Issue (i): Whether the writing and printing paper had reached the R.G. 1 stage and was required to be entered in the R.G. 1 register.
Analysis: The trade notice issued by the Collector laid down that excisable goods are to be accounted for in R.G. 1 as soon as they come into existence in identifiable form, and that packed goods as well as goods in loose condition are to be entered. Paper and paper board were specifically shown as reaching the R.G. 1 point when they came out of the finishing room in unit packings normally used for marketing. The seized paper was found in fully packed bundles and packets, and there was no scope for treating it as still short of the R.G. 1 stage.
Conclusion: The paper had reached the R.G. 1 stage and ought to have been entered in the R.G. 1 register.
Issue (ii): Whether confiscation of the goods and imposition of redemption fine and penalty were justified.
Analysis: Non-accountal of manufactured goods in the R.G. 1 register amounted to contravention of the daily accounting requirement under the Central Excise Rules and attracted the confiscatory provision for unaccounted excisable goods. At the same time, the record did not establish a deliberate intention to clandestinely remove the goods without payment of duty.

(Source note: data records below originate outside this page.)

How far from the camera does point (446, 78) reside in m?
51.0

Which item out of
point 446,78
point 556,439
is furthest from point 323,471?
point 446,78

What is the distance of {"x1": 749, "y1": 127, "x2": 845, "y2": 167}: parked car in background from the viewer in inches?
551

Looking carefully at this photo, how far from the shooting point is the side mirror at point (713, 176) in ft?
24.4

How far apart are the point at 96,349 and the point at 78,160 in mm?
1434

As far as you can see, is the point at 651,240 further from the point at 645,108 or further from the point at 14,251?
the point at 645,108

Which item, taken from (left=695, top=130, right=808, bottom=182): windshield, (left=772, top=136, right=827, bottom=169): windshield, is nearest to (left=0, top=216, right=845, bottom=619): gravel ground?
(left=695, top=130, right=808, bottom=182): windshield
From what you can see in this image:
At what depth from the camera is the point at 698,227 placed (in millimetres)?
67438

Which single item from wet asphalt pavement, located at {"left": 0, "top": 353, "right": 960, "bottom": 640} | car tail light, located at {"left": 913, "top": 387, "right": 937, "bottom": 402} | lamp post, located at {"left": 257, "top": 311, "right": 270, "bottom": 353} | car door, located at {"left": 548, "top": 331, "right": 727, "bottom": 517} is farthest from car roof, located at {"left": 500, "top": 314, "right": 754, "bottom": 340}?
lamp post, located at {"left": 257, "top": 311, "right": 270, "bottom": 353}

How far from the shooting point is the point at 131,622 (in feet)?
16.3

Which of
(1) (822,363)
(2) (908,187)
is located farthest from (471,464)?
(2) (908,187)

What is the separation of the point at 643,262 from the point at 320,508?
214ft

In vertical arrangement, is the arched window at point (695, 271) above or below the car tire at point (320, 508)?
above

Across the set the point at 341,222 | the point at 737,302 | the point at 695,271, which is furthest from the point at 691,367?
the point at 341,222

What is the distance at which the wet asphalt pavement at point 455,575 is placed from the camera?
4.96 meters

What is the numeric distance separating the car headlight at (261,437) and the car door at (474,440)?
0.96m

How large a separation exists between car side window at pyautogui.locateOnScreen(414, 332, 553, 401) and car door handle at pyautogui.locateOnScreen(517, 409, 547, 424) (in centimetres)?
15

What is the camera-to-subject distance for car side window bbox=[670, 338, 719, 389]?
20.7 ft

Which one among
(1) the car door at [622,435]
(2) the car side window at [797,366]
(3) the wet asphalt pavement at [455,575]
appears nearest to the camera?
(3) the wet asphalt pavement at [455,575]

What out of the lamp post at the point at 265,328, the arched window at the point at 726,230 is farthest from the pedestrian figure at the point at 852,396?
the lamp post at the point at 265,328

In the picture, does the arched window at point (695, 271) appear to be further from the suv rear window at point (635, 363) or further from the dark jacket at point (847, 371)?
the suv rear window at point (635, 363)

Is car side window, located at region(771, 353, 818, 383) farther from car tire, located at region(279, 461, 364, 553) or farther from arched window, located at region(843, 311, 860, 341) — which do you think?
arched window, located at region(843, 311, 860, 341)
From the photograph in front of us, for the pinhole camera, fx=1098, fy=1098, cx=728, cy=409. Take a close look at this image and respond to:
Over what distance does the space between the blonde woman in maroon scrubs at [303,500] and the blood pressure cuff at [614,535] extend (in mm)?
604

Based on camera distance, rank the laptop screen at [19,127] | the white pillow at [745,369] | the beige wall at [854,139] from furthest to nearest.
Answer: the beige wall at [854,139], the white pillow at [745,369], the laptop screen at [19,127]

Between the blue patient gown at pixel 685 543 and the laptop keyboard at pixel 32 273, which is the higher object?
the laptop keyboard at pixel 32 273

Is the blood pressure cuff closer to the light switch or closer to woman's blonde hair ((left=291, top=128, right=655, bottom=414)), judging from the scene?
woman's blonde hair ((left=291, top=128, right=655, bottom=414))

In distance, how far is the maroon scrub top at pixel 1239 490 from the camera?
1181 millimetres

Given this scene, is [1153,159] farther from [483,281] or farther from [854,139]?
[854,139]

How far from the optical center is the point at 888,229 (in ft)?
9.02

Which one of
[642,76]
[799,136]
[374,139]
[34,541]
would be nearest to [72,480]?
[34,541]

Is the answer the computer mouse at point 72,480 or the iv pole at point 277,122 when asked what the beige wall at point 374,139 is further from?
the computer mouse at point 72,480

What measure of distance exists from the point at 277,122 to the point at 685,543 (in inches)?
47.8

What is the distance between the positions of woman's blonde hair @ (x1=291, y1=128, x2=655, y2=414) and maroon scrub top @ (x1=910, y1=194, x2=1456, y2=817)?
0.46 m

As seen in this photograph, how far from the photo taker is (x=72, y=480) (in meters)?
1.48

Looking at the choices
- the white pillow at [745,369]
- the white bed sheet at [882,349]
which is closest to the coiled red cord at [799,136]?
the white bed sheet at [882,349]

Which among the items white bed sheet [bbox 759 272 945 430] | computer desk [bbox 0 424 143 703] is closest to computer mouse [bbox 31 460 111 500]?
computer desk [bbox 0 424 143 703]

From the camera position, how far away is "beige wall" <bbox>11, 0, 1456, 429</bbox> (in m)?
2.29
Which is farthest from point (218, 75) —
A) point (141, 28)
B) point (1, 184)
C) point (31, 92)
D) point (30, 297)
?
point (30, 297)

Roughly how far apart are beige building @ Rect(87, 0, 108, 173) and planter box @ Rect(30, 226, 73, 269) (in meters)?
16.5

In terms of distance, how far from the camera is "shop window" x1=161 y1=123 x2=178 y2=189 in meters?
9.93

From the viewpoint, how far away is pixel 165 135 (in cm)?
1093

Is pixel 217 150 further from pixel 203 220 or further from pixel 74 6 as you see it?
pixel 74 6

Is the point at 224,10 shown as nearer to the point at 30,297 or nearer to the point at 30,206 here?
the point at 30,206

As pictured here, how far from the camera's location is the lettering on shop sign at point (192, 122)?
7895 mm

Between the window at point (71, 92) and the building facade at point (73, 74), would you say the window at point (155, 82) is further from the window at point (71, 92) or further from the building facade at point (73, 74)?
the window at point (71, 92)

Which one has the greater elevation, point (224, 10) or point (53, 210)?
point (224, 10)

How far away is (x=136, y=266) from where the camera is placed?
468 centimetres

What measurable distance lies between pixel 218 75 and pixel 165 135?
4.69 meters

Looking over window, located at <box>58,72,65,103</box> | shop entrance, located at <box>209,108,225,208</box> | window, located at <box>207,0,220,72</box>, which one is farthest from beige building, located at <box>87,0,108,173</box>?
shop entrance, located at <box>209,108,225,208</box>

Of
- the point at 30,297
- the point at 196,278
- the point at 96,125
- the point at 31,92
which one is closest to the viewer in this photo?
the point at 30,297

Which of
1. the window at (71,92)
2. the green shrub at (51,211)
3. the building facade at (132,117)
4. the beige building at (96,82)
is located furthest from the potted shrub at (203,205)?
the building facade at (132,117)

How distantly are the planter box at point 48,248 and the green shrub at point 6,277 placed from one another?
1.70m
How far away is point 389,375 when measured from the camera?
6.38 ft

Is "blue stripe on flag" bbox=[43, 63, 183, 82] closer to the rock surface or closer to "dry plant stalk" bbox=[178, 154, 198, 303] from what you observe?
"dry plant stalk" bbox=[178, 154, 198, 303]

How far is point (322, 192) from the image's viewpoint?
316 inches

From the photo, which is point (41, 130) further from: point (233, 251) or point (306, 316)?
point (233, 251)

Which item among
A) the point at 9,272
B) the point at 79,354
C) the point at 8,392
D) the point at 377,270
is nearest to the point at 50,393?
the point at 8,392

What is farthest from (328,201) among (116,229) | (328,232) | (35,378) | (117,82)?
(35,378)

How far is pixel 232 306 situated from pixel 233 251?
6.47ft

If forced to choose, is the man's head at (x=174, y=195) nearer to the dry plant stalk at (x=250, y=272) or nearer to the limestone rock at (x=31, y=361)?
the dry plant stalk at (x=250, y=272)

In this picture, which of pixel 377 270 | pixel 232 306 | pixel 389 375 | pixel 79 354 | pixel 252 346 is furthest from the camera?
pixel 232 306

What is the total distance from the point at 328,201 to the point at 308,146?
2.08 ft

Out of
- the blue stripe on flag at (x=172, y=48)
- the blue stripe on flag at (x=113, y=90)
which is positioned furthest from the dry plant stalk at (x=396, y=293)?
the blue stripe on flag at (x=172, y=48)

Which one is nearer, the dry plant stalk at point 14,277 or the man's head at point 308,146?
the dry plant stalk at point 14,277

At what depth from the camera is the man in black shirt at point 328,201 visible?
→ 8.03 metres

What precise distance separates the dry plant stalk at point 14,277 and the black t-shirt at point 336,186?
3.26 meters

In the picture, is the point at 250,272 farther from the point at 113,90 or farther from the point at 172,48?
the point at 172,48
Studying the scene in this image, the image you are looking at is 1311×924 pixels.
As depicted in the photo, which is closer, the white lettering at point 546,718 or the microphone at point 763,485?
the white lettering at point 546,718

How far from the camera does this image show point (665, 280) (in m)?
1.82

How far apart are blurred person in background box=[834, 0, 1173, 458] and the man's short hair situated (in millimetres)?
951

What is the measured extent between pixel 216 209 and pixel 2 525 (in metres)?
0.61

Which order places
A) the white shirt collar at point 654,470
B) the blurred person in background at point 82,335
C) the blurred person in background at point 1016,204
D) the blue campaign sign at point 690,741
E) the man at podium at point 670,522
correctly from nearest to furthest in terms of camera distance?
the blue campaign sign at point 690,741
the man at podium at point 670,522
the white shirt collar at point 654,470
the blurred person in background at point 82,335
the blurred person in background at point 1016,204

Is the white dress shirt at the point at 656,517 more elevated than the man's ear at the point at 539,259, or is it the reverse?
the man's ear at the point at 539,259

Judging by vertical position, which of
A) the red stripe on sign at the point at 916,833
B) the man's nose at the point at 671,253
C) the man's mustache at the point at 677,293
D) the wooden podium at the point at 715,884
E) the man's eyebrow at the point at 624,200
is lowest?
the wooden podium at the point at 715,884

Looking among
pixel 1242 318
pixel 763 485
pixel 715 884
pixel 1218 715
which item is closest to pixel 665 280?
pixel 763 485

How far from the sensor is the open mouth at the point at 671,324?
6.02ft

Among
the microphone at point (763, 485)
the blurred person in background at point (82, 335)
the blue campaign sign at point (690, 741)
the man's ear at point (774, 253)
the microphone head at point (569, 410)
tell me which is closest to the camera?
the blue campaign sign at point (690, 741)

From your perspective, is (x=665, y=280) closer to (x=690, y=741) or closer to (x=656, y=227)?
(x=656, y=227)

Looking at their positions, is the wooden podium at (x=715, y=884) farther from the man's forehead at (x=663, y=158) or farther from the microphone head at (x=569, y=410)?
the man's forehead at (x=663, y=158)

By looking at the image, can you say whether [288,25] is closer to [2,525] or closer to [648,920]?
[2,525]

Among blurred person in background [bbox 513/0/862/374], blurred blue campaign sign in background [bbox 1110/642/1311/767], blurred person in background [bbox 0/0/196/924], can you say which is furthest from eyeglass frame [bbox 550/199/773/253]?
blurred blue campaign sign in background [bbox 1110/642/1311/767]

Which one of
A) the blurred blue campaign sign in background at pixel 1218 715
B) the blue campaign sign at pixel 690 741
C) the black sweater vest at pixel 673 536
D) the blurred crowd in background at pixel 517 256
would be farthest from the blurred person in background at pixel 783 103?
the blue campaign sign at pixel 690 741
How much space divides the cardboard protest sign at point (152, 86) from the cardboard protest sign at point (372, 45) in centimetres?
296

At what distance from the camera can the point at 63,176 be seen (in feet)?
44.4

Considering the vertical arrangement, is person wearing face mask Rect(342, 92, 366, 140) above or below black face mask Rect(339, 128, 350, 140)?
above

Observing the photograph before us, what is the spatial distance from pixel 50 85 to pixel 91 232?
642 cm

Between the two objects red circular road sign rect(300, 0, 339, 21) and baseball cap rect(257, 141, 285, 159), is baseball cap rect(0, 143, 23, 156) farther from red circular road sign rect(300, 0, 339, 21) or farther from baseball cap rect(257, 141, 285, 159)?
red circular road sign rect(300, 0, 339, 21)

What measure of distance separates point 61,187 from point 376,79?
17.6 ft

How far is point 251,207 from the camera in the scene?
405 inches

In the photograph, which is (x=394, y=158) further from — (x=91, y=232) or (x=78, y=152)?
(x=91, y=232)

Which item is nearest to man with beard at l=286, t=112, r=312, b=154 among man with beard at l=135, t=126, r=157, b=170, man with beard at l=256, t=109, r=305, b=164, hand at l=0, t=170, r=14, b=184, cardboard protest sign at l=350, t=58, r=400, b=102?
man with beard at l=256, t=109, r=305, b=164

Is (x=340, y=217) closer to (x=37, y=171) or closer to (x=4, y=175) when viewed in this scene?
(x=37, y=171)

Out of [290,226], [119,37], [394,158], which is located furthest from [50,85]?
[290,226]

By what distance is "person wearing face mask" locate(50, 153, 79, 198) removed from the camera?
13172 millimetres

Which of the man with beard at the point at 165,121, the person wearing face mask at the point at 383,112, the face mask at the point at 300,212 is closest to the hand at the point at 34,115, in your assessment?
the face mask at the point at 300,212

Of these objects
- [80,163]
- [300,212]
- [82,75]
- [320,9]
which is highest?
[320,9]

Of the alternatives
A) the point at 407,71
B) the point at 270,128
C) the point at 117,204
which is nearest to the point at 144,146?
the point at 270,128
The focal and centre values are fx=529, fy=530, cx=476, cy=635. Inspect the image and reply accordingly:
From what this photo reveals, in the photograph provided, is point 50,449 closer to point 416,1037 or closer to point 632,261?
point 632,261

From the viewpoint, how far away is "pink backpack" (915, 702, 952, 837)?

In that situation, confiscation could stand, but the redemption fine required reduction and penalty was not warranted.
Conclusion: Confiscation was upheld, the redemption fine was reduced, and the penalty was set aside.
Final Conclusion: The goods were rightly held liable to confiscation for failure to account them in R.G. 1, but the monetary consequences were moderated by reducing the fine and deleting the penalty.
Ratio Decidendi: Goods which have come into identifiable existence and are packed in the form ordinarily used for marketing must be entered in R.G. 1 without postponement, and failure to account such goods attracts confiscation though penalty depends on proof of deliberate evasion.